▸ EXERCISE OBJECTIVE: Leaving out the images, return the data below exactly as it is written.

▸ THE DATA:
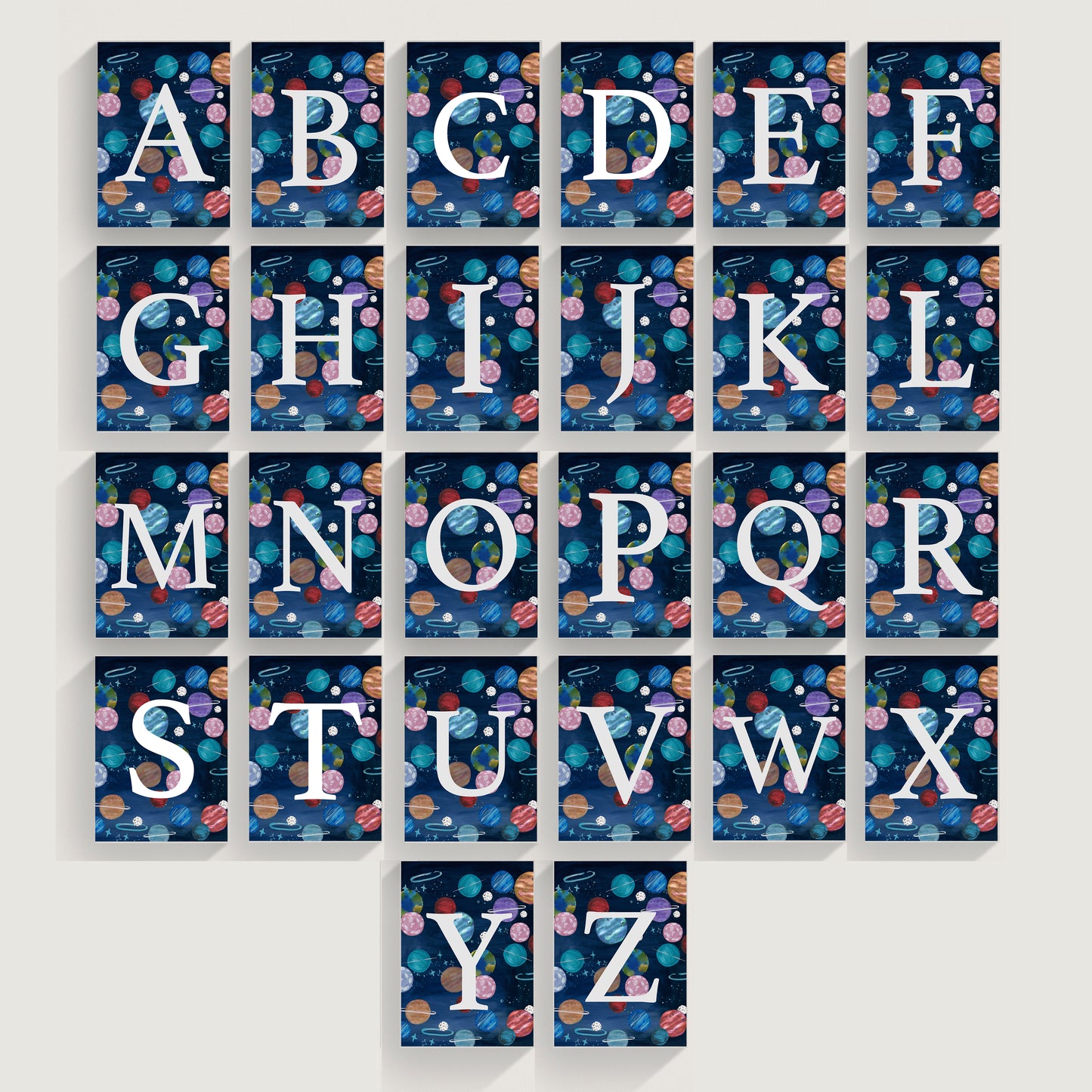 Space & Planets Initials Wall Art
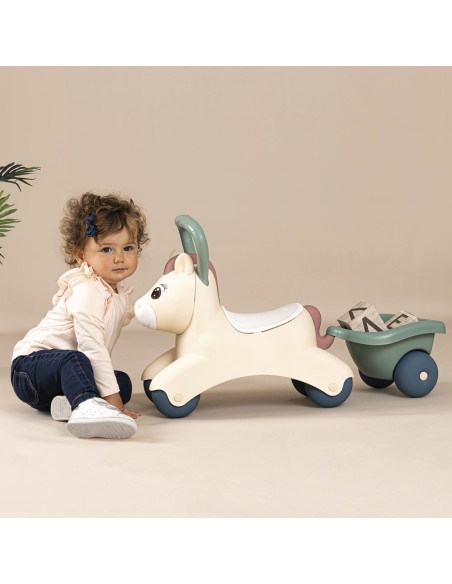Masinuta de impins Smoby Pony cu remorca,S7600140502 Masinuta de impins Smoby Pony cu remorca,S7600140502
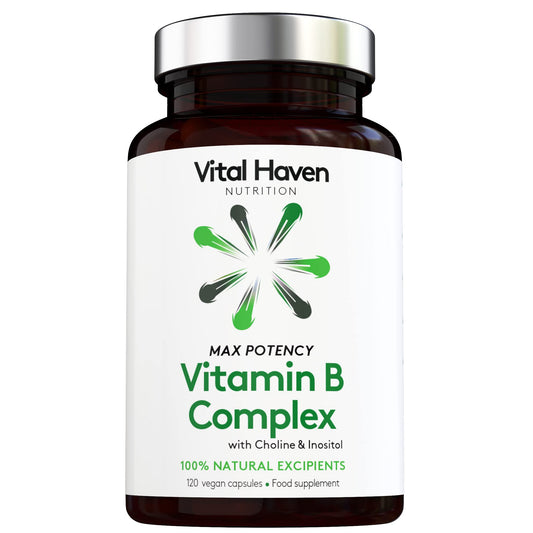Vital Haven Triple Action Formula - Vitamin B Complex + Choline + Inositol - Vegan - High Strength - 4 Months Supply - Premium Ingredients - for Better Immune System and Cell Health - Made in The UK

▸ SOLUTION TO THE EXERCISE:
 Space & Planets Initials Wall Art
Masinuta de impins Smoby Pony cu remorca,S7600140502 Masinuta de impins Smoby Pony cu remorca,S7600140502
Vital Haven Triple Action Formula - Vitamin B Complex + Choline + Inositol - Vegan - High Strength - 4 Months Supply - Premium Ingredients - for Better Immune System and Cell Health - Made in The UK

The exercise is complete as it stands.